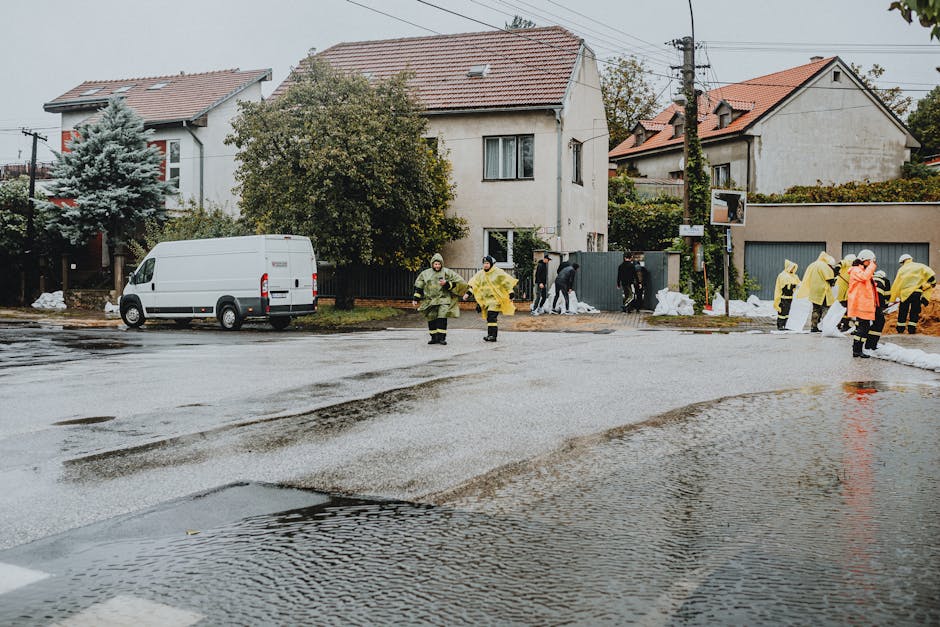 A residential street with wet asphalt and accumulating water, indicating recent flooding. Several workers dressed in yellow and orange raincoats are conducting surface cleaning and flood response activities near the curb and sidewalk, using tools and equipment for water removal and sanitisation. The background features two-story houses with white and beige exteriors, tiled roofs, and surrounding greenery, including trees and shrubs. Overcast skies cast diffuse lighting across the scene, highlighting the reflective, damp surfaces on the road and pavement. Deep Cleaning Islington offers emergency flood cleaning services to ensure hygiene and maintenance for affected properties, focusing on thorough surface cleaning, sanitisation, and water extraction in residential areas affected by flooding.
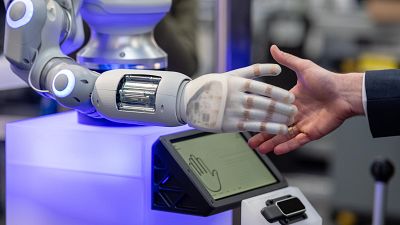 Un robot y un ser humano estrechan sus manos en un gesto de saludo y acuerdo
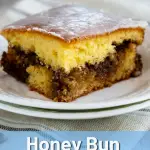 Side view of a slice of Honey Bun Cake showing a ribbon of cinnamon pecan filling.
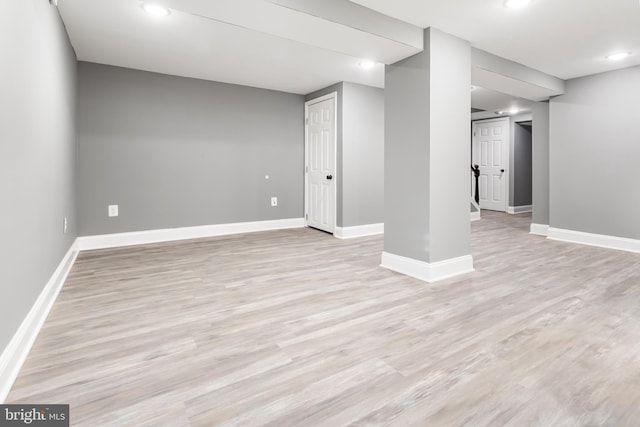 basement featuring light hardwood / wood-style floors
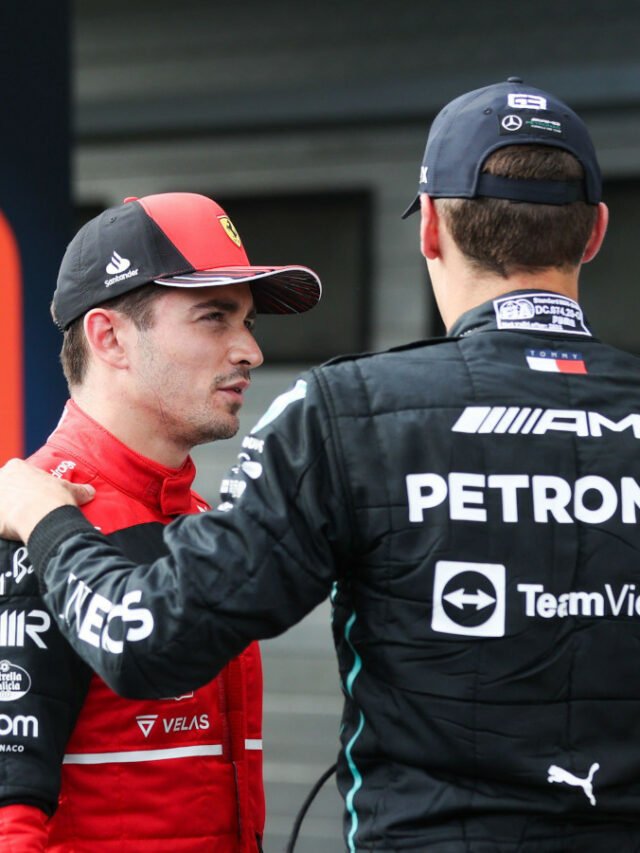 george-russell-hand-on-charles-leclerc-shoulder-planetf1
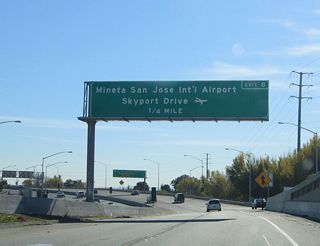 Meanwhile, upon exiting from U.S. 101 (Bayshore Freeway), the first exit on California 87 (Guadalupe Parkway) is Exit 8, Skyport Drive and Airport Parkway to the Norman Y. Mineta International Airport (a portion of this sign can be seen in the previous photobox). The terminals are located closest to this interchange, so this is the best exit from any San Jose freeway to the airport. All of California 87 is located within the city of San Jose, which is home to 894,943 people as of the 2000 Census. Founded on November 29, 1777, and incorporated on March 27, 1850, San Jose is the third largest city in California (behind Los Angeles and San Diego). San Jose consists of 178.2 square miles and sits at an elevation of 85 feet. Rainfall in San Jose is much less than San Francisco due to its location at the south end of the San Francisco Bay and enclosure within mountains. The average annual precipitation is 14.4 inches.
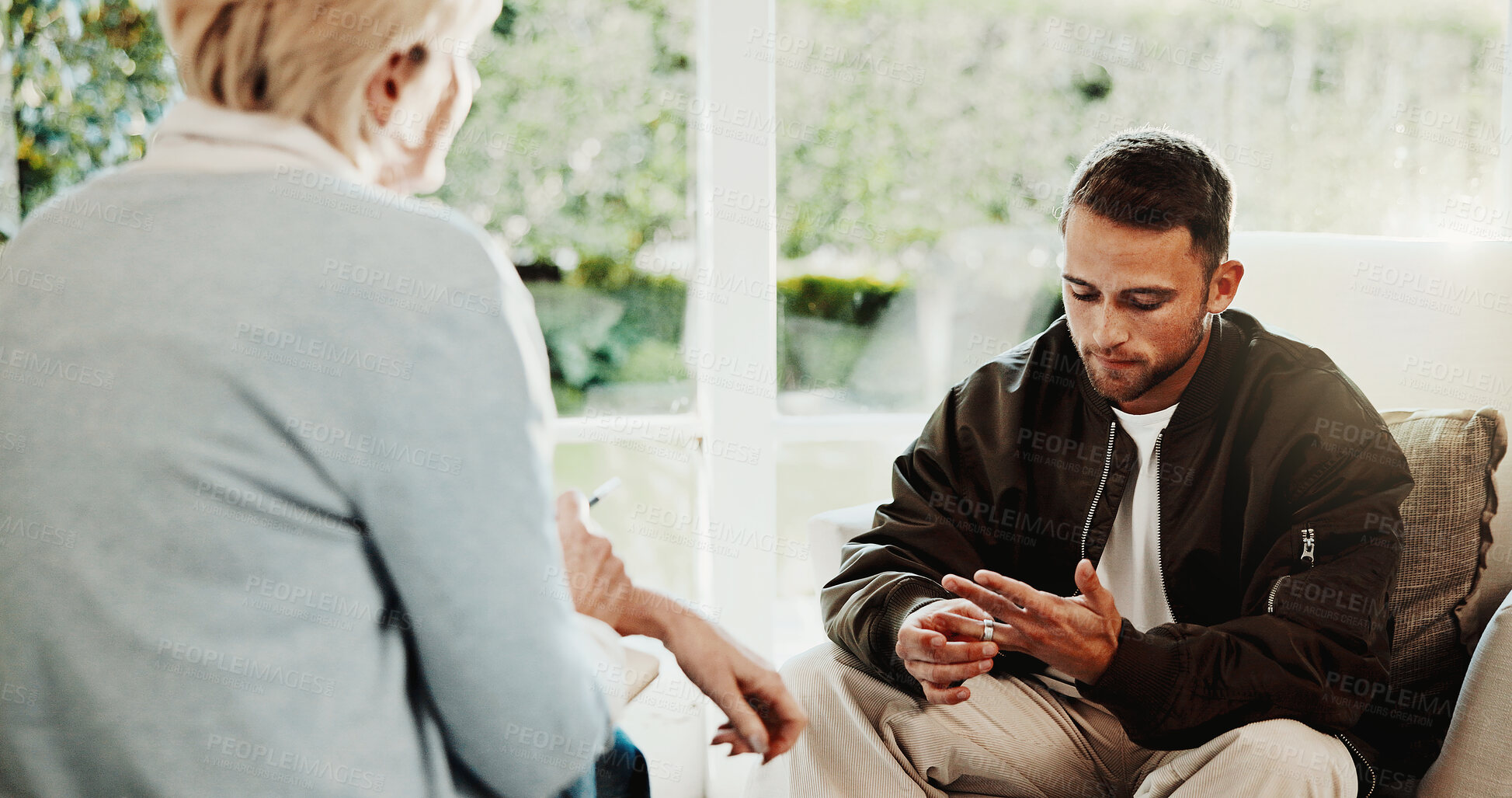 Buy stock photo Psychology, therapist and man in marriage counseling, stress for mental health evaluation. Therapy session, patient and person with ring, divorce anxiety and help to process separation in office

○ ○ ○ ○ ○

Problem: Only the lines from where the data begins to the line with "basement featuring light", both of them included, should be reproduced word for word; no pictures.

Solved problem:
 A residential street with wet asphalt and accumulating water, indicating recent flooding. Several workers dressed in yellow and orange raincoats are conducting surface cleaning and flood response activities near the curb and sidewalk, using tools and equipment for water removal and sanitisation. The background features two-story houses with white and beige exteriors, tiled roofs, and surrounding greenery, including trees and shrubs. Overcast skies cast diffuse lighting across the scene, highlighting the reflective, damp surfaces on the road and pavement. Deep Cleaning Islington offers emergency flood cleaning services to ensure hygiene and maintenance for affected properties, focusing on thorough surface cleaning, sanitisation, and water extraction in residential areas affected by flooding.
 Un robot y un ser humano estrechan sus manos en un gesto de saludo y acuerdo
 Side view of a slice of Honey Bun Cake showing a ribbon of cinnamon pecan filling.
 basement featuring light hardwood / wood-style floors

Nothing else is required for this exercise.